While the HPC platform may be working well, what if the link between the organisation or the public internet and the colocation facility goes down and there is no capability for failover? As many problems with connectivity come down to physical damage, such as cables being broken during roadworks, ensuring that connectivity is through multiple diverse connections from the facility is crucial.
Other areas where a colocation provider should be able to demonstrate capabilities include specialised connections to public clouds, such as Microsoft Azure ExpressRoute, AWS Direct Connect and specialised networks such as Jisc/Janet. These bypass the public internet to enable more consistent and secure interactions between the HPC platform and other workloads the organisation may be operating.
Location
The physical location of the data centre will impact directly on rack space costs and power availability. In the case of colocation, there are often considerable differences in rack space rents between regional facilities and those based in or around large metro areas such as London.
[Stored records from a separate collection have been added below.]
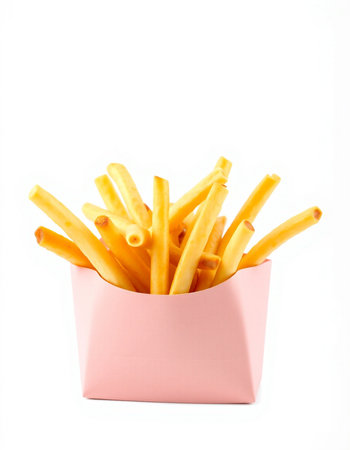 Crispy bread sticks in pink box isolated on white background.の写真素材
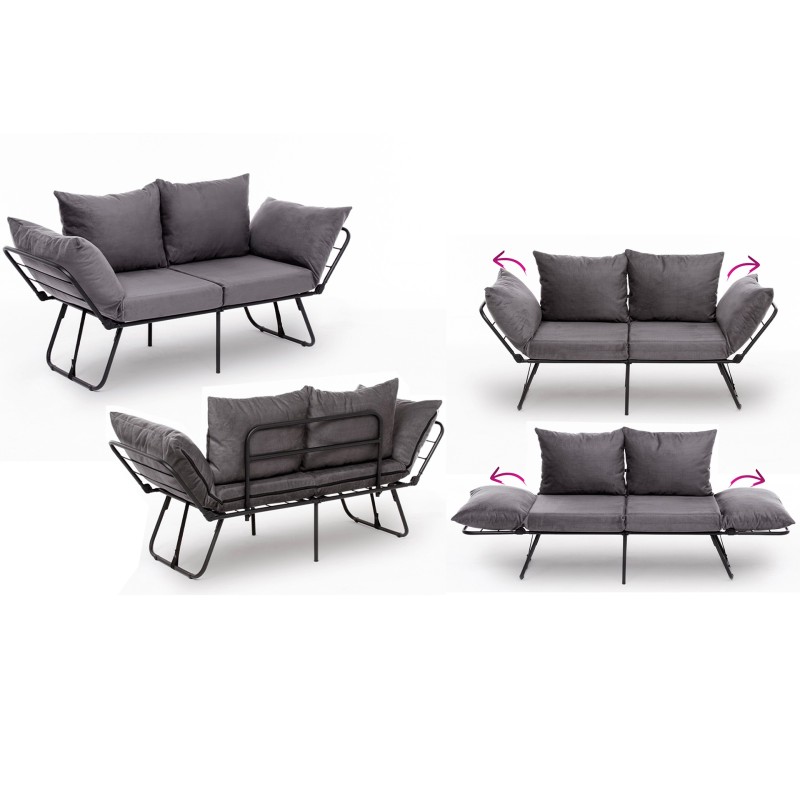 Καναπές Κρεβάτι Διθέσιος - Viper - Χρώμα Γκρι - 100x42x40εκ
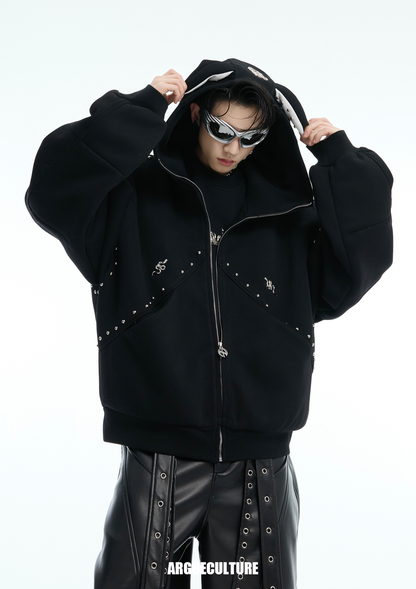 Metal Studded Winged Seams Oversized Hoodie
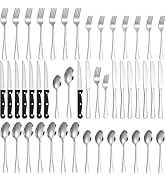 48-Piece Silverware Set with Steak Knives Stainless Steel Flatware Set for 8 Food Grade Tableware...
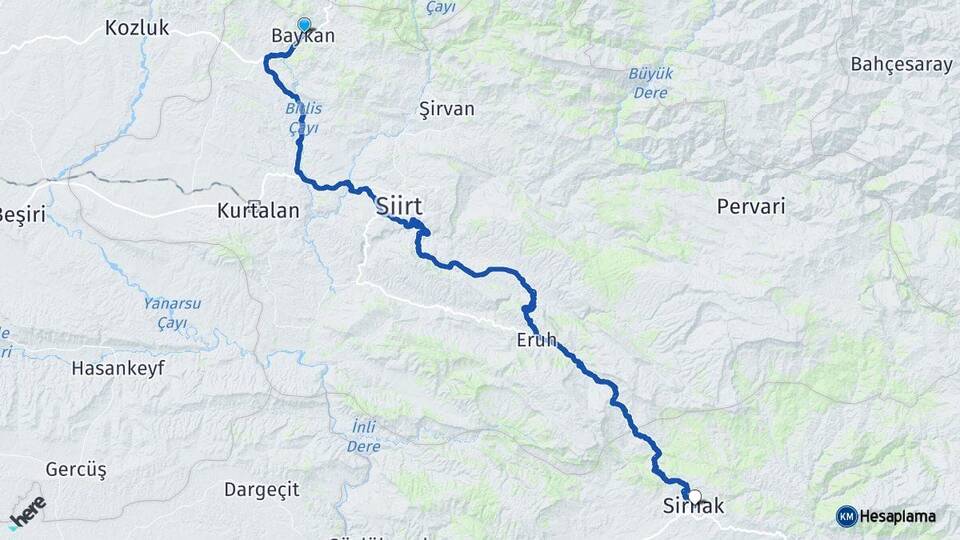 Siirt Baykan Şırnak Arası Kaç Km - Yol Haritası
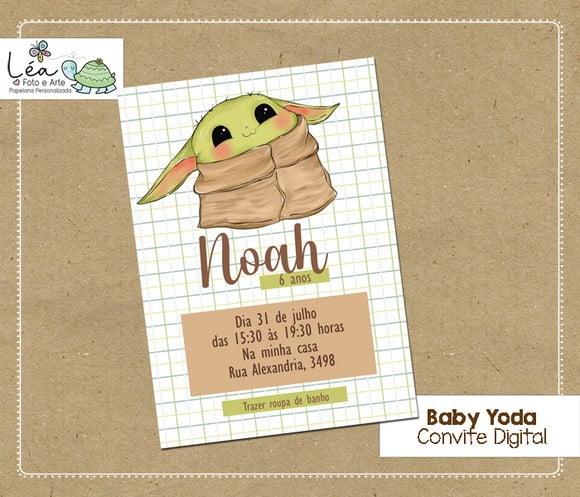 Convite Digital Baby Yoda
Perhaps of more concern to HPC users, most data centres in and around London are severely power limited and relatively low in power capacity. The Grid in the South East is creaking and potential upgrade costs to bring more power to locations are astronomical. Out of town facilities are not facing such challenges. Fortunately, the ever-decreasing cost of highspeed fibre is providing more freedom to build modern colo facilities much further away from metro areas but without incurring the latency issues of old.
In summary, most HPC users have so far taken the on-premise route, but will now struggle with increasing costs and the challenges of obtaining more power to site, operating complex cooling, and ensuring the duplicated plant environments that critical services require.
Those considering colocation solutions as an alternative must thoroughly evaluate the ability of their potential data centre providers to offer facilities which are truly fit-for-purpose. NGD, for example, has a permanent presence of on-site consulting engineers and is geared to tackle custom HPC builds.